Category Archives: Statistics

Falling in love with R

I had heard about this amazing language for statistical analysis and finally decided to give it a shot after reading a sample first chapter preview from “R in Action” by Robert Kabacoff (this looks like a great book by the way and is on my list of books to buy). The first thing was to download and install the software on my Mac, which was a quick and entirely painless process. You fire up R by clicking on the “R” icon in the Mac applications folder.

The initial window looks pretty much like a unix terminal. To see what R can do, I decided to start with a simple linear regression example. The set of R statements below create a series of (x,y) coordinates and then plot each point on a simple plot.

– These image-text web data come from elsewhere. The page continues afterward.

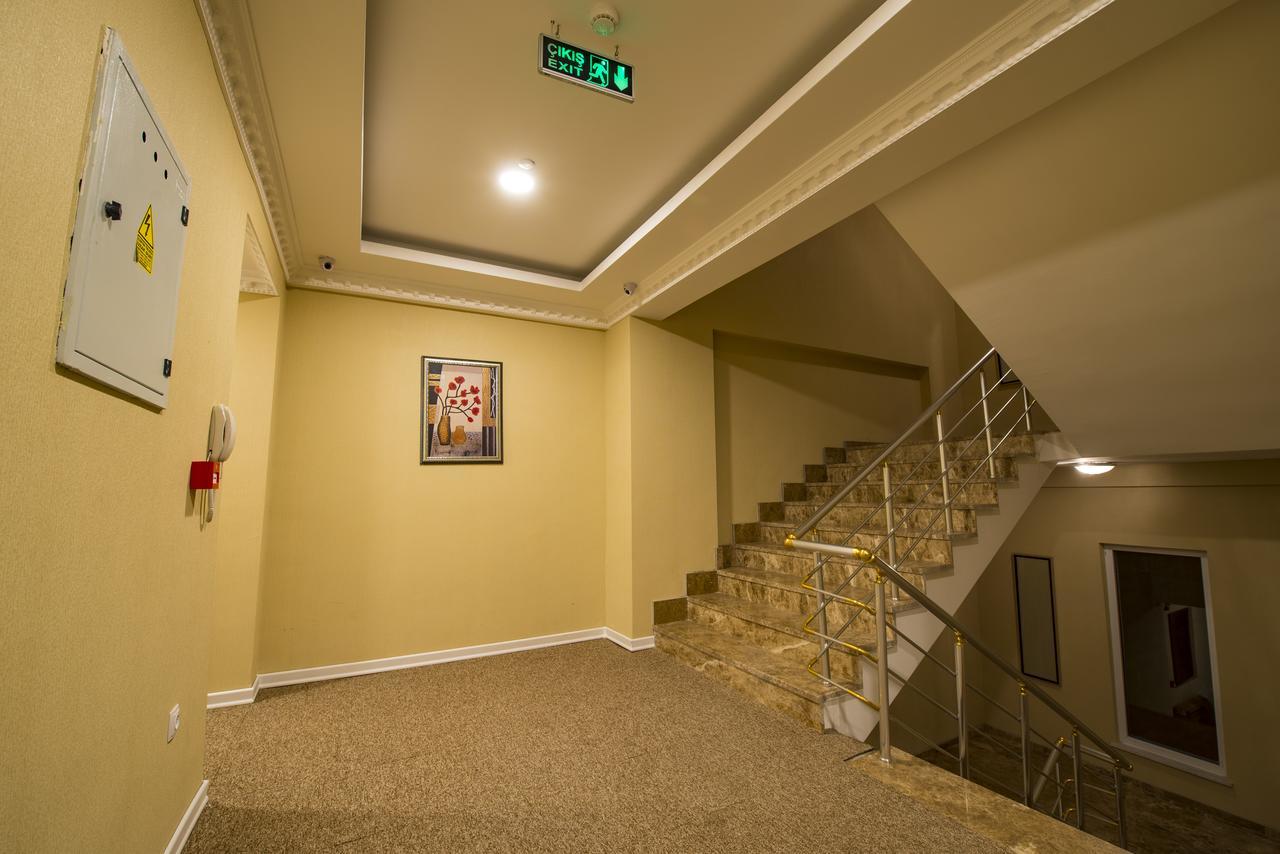 Kars-I Si̇Ri̇N Otel Kültér fotó
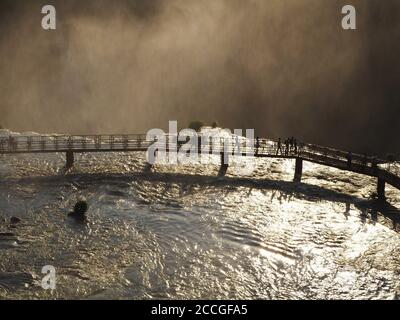 Sonnenuntergang an den Iguassu Fällen Stockfoto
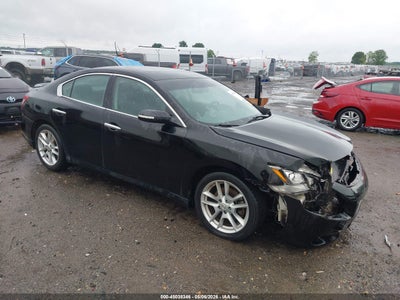 NISSAN MAXIMA 2010
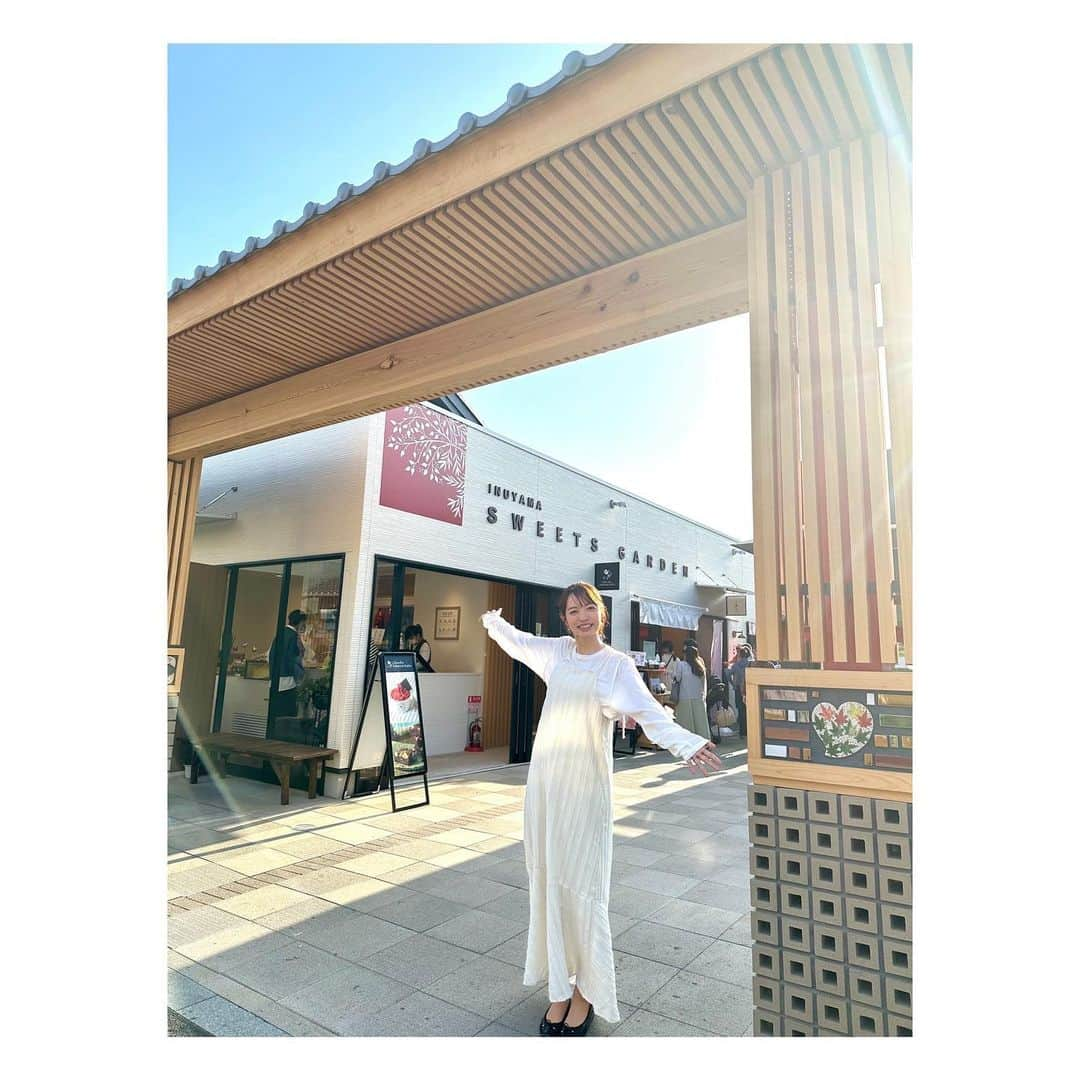 阿部芳美のインスタグラム：「木曜日はキャッチ中継🎤 今日はGWで賑わう犬山城下町からでした〜🤭  先月オープンしたスイーツガーデン🪴🍰 炭酸ドリンク、クレープ、ハートカステラ、チョコバナナ、ブラウニー、お抹茶🍵 どれも美味しかったです！！  #犬山城下町 #犬山グルメ #犬山スイーツ #キャッチ #中継 #犬山城」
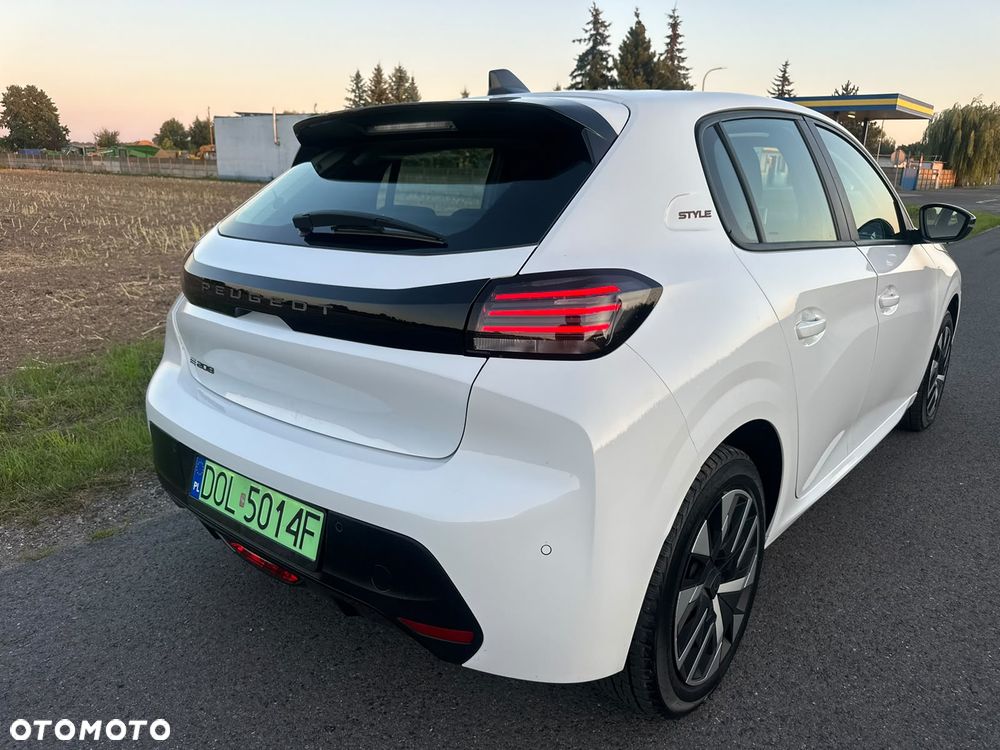 Peugeot 208 Elektromotor 136 E-Style - 36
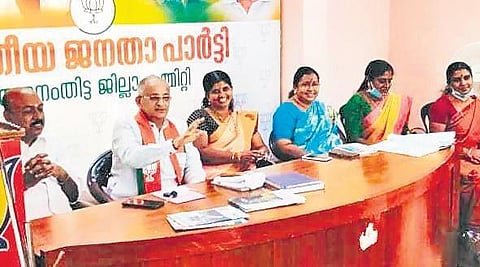 BJP spokesperson in Karnataka Capt. Ganesh Karnik addresses a party workers’ meeting (File photo)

> x <- c(0,1,2,3,4,5,6,7,8,9,10)
> y <- c(0,1,2,2,4,4,5,6,7,10,11)
> plot(x,y)

Here is the result:

R_y_vs_x

Next, we create a least-squares fit to the data and plot the resulting line on top of the data:

> model <- lm(y~x)
> yfit <- model$fitted.values
> lines(x,yfit)

And this is what we get:

R_least_squares_fit

You want the actual equation of the line? The slope and Y-intercept can be obtained using:

> lm(y~x)

Call:
lm(formula = y ~ x)

Coefficients:
(Intercept)            x  
     -0.500        1.045

Now this was a really simple example, but it was enough to illustrate what R can do. And going by first impressions, it looks like I will be exploring a lot of R in the future.